Pero lo más llamativo es que el PP, que esperaba dar un gran salto en Cataluña, pese a mejorar sensiblemente sus resultados, se queda como quinto partido. La conclusión evidente es que el bloque unionista o constitucionalista suma claramente más que el soberanista. No es que Daniel Sirera o Nacho Martín Blanco, ex portavoz de Ciudadanos en el Parlamento de Cataluña y cabeza de lista de los populares en las generales de ayer, tengan un carisma desbordante, sino que se han beneficiado del liderazgo de Feijóo, del rechazo a Sánchez, del hartazgo del soberanismo y de la marca del partido en ascenso general.

Habrá que esperar al análisis detallado de las mesas para saber, más allá de que muchos indepes se hayan quedado en casa ante unas elecciones “españolas”, cuánto huérfano ex convergente decidió inclinarse por el PP por eso que se llamaba sentido de clase y la importancia del bolsillo. Cierto es que la Asamblea Nacional Catalana coqueteó con llamar a la abstención, pero el resultado final arroja una aritmética de difícil atribución: solo faltaría que el futuro de España estuviese al final en manos del inquilino de Waterloo y a saber cuáles serían sus condiciones. De hecho, Alberto Núñez Feijóo ya adelantó que aspiraba a ganar el espacio dejado por CiU. Habrá que mantener la esperanza de que los populares no caigan en la tentación de reavivar las cenizas del independentismo que podría regodearse de colocar la comunidad frente a un bloque con la ultraderecha.

Difícil lo tienen quienes tengan que arremangarse para hacer sumas: no será tarea fácil. Incluso para el Rey Felipe VI a la hora de proponer un candidato para la investidura. Alberto Núñez Feijóo ha ganado las elecciones, pero podría decirse con una amarga victoria, entre otras razones porque Vox a su lado actúa como un elemento tóxico que dificulta el acercamiento a otras fuerzas políticas. Pedro Sánchez ha aguantado mejor de lo que se preveía, pero reproducir el modelo Frankenstein de mayoría para la investidura y el gobierno tampoco será un camino de rosas.

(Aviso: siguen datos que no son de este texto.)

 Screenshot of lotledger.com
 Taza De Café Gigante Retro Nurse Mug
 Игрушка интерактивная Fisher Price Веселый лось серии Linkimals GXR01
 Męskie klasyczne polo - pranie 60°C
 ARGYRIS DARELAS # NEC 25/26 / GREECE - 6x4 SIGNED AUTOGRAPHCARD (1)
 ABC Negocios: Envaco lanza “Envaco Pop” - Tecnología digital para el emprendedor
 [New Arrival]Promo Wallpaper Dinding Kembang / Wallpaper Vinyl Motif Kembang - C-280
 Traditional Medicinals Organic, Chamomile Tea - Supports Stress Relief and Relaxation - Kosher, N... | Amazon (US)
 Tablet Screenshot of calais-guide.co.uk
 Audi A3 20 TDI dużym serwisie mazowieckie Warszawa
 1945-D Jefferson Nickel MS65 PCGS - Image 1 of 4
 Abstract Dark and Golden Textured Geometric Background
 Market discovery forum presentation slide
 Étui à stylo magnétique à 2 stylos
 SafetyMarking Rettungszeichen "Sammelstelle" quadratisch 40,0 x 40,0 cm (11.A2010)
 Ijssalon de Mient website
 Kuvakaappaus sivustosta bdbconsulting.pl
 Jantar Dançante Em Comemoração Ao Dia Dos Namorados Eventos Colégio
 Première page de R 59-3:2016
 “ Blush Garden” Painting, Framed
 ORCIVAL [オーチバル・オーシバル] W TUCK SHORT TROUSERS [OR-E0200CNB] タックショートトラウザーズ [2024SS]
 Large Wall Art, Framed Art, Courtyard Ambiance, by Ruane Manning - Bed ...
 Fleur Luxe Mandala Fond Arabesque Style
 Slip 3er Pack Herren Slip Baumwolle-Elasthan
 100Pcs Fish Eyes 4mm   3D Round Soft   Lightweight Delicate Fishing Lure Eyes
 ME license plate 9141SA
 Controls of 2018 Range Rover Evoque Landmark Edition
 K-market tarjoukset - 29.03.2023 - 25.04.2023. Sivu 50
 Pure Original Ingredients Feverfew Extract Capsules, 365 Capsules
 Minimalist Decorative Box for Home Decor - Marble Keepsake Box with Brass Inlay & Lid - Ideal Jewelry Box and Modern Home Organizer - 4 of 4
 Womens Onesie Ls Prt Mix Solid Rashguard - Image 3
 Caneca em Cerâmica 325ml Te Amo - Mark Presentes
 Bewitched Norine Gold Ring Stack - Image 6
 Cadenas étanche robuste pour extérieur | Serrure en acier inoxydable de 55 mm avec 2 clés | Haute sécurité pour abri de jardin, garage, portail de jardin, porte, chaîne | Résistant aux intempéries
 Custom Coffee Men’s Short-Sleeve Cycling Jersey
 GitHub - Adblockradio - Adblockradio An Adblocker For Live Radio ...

Hay demasiadas formaciones que pueden tener un papel decisivo. Ya no se trata solamente de Junts, que ya ha adelantado que no harán presidente a Sánchez a cambio de nada, sino también del PNV, en cuya tradición se pueden encontrar pactos diversos; ahora se ha visto superado además por Bildu. Cuando apoyo la moción de censura contra Mariano Rajoy no creo que lo hiciera por una simpatía especial hacia el PSOE o Pedro Sánchez, sino porque hay muchas ocasiones --el clásico diría que siempre-- en las que el factor económico es determinante.